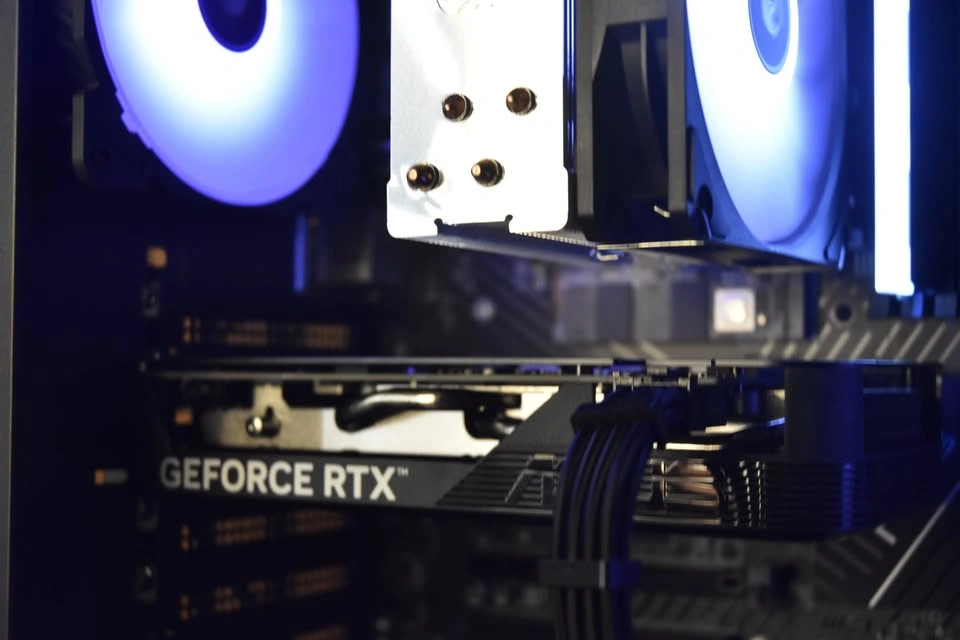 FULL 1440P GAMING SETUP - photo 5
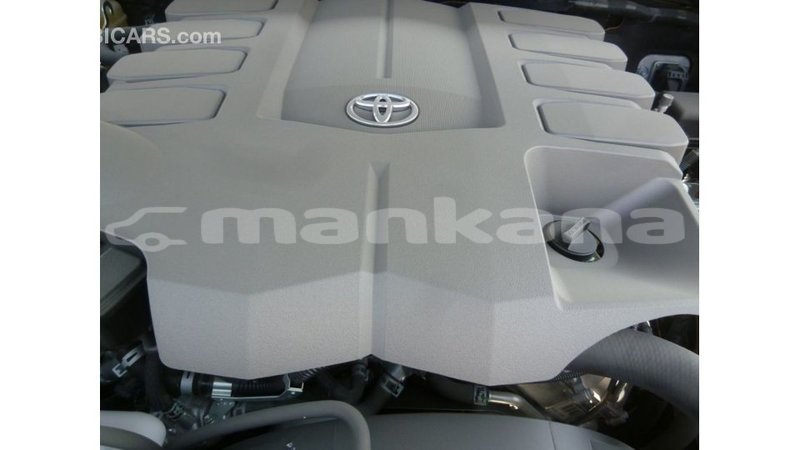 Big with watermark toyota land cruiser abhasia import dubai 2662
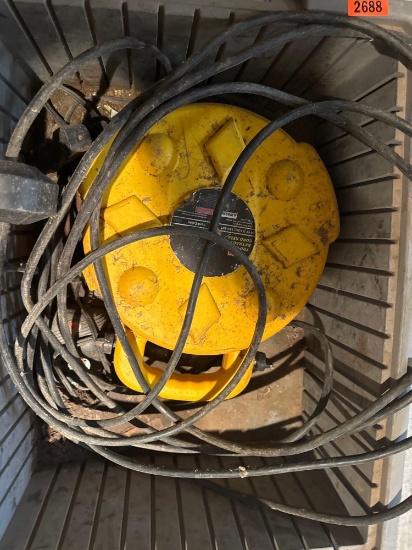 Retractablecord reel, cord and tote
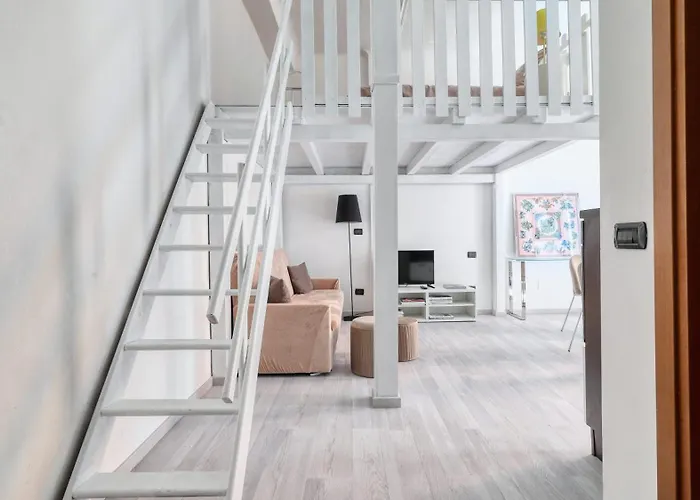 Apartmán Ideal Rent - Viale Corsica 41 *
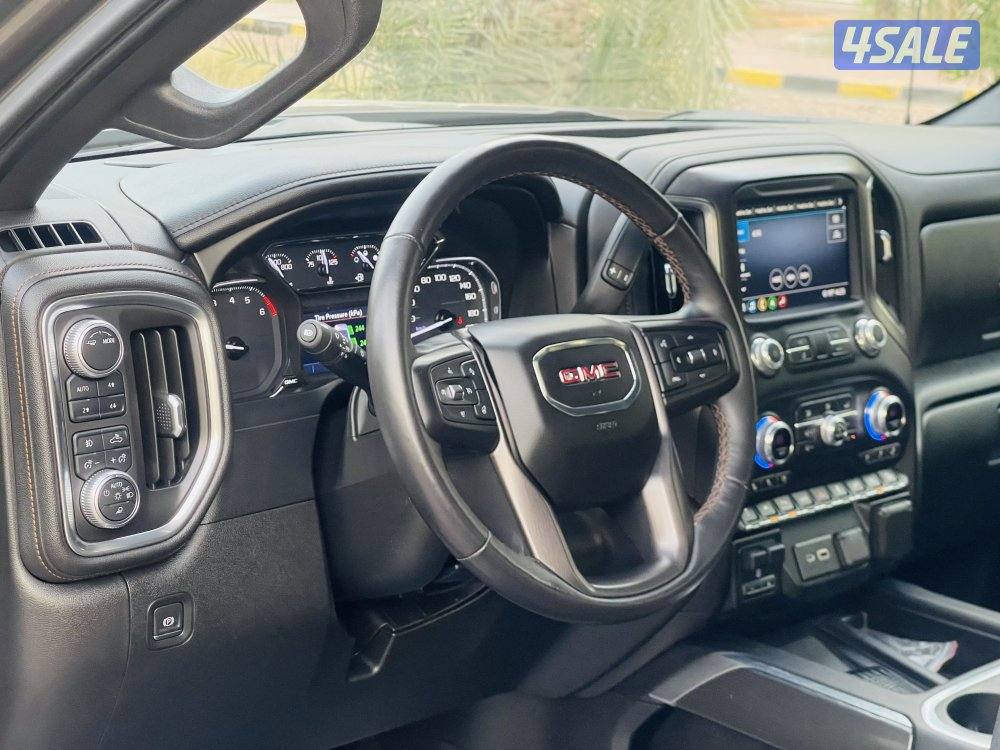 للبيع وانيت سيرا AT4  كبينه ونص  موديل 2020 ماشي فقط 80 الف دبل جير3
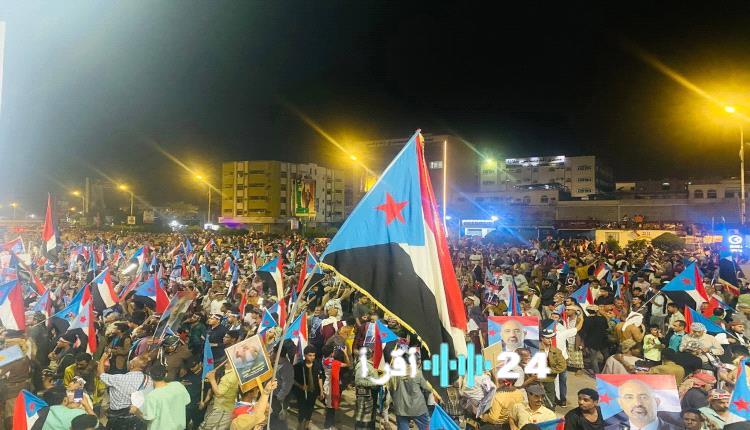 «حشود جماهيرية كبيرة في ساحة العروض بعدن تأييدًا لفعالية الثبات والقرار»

__________

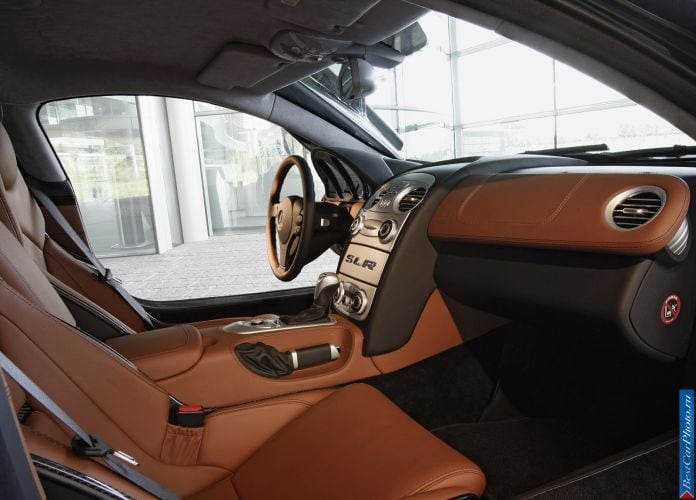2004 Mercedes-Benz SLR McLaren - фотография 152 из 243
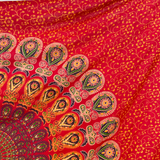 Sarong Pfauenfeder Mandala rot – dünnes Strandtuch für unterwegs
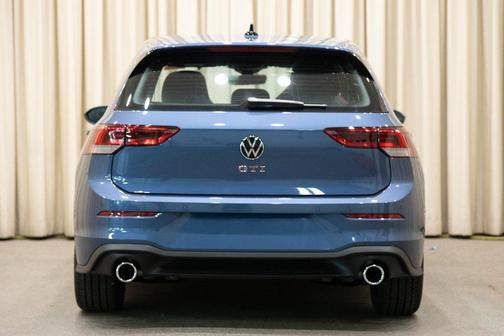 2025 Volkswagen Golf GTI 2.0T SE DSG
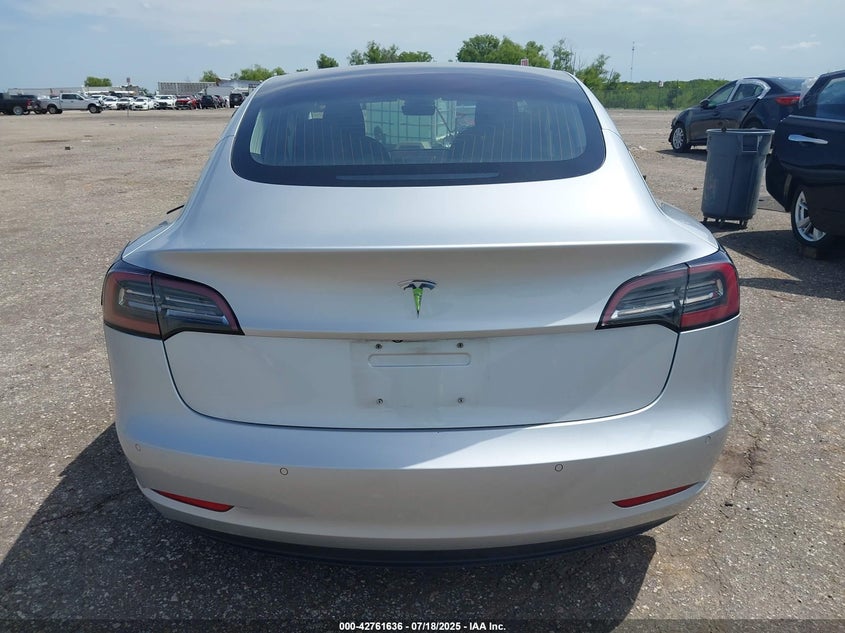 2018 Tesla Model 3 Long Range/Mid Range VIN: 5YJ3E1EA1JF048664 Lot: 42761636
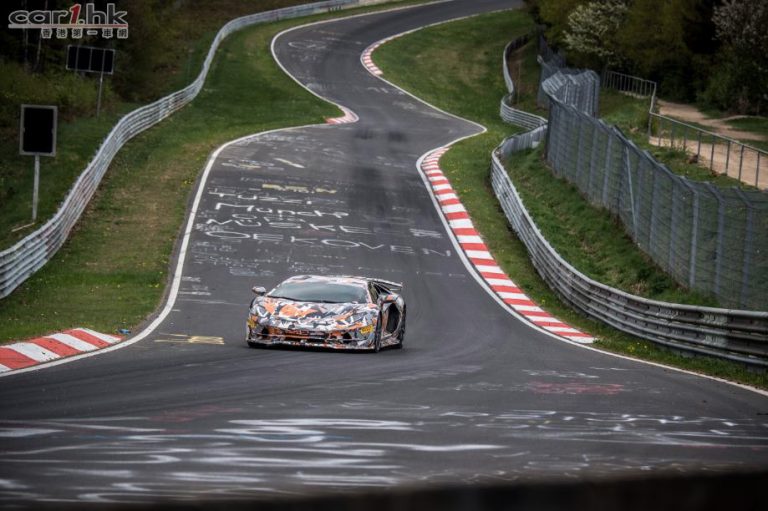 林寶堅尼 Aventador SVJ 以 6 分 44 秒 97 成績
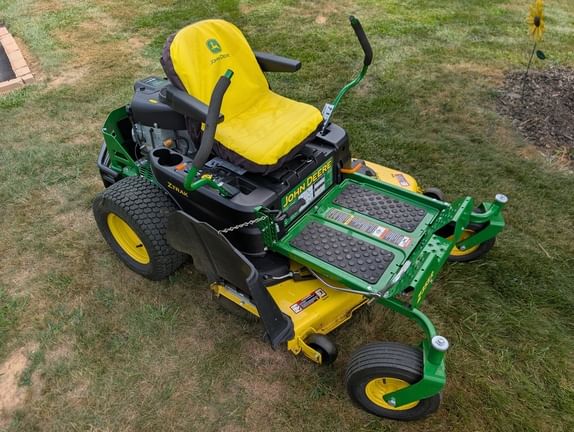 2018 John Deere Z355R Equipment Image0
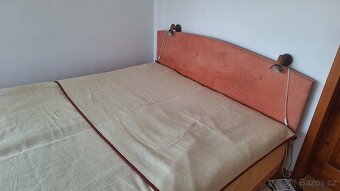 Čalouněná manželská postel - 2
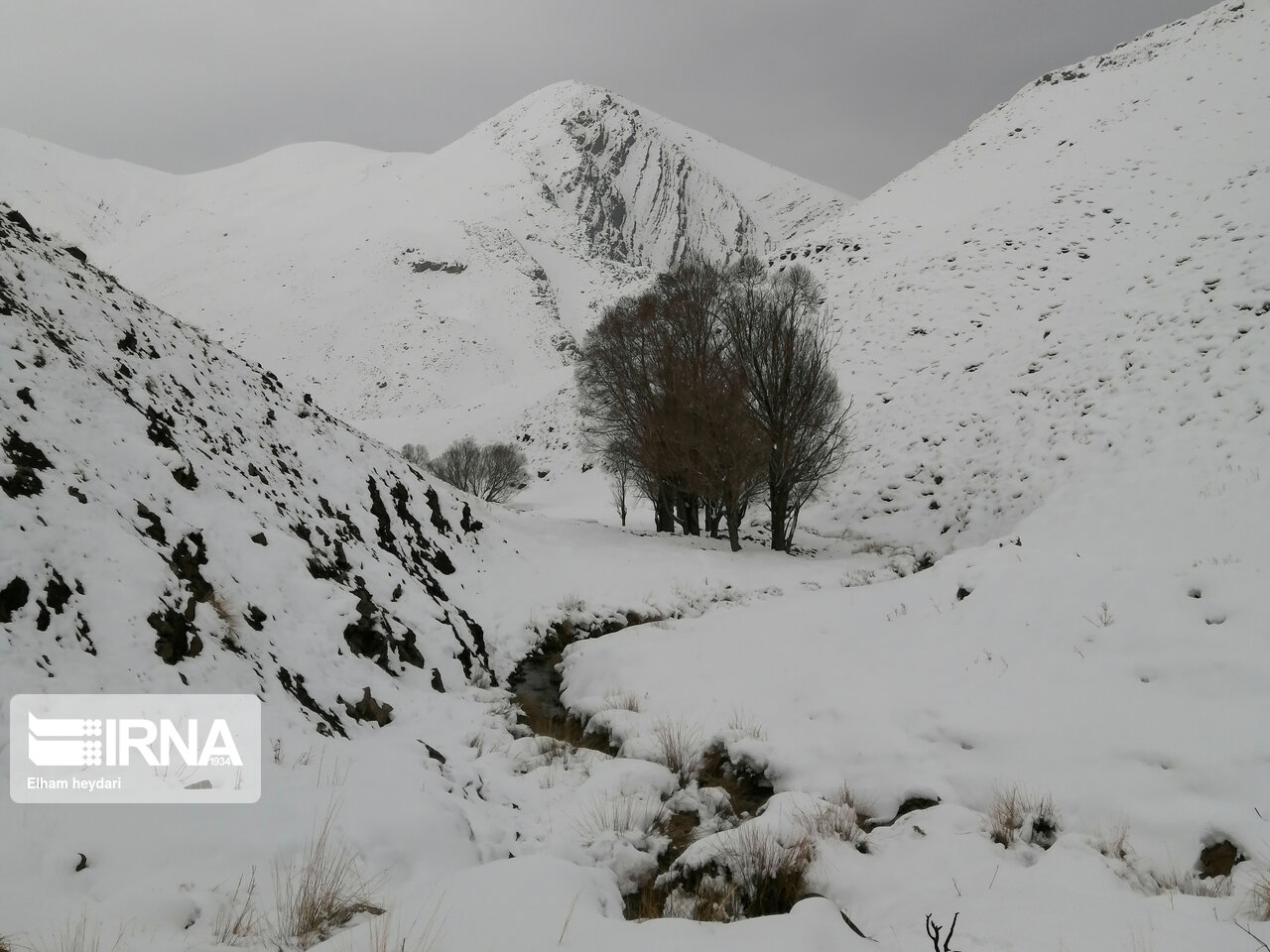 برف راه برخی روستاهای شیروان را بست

__________

> [What the task requires] Within these entries, output exactly the lines starting at the one with "2025 Volkswagen Golf GTI 2.0T SE DSG" and finishing at the one with "برف راه برخی روستاهای شیروان را بست". Leave pictures out of the output.

> [Solution to the exercise]
 2025 Volkswagen Golf GTI 2.0T SE DSG
 2018 Tesla Model 3 Long Range/Mid Range VIN: 5YJ3E1EA1JF048664 Lot: 42761636
 林寶堅尼 Aventador SVJ 以 6 分 44 秒 97 成績
 2018 John Deere Z355R Equipment Image0
 Čalouněná manželská postel - 2
 برف راه برخی روستاهای شیروان را بست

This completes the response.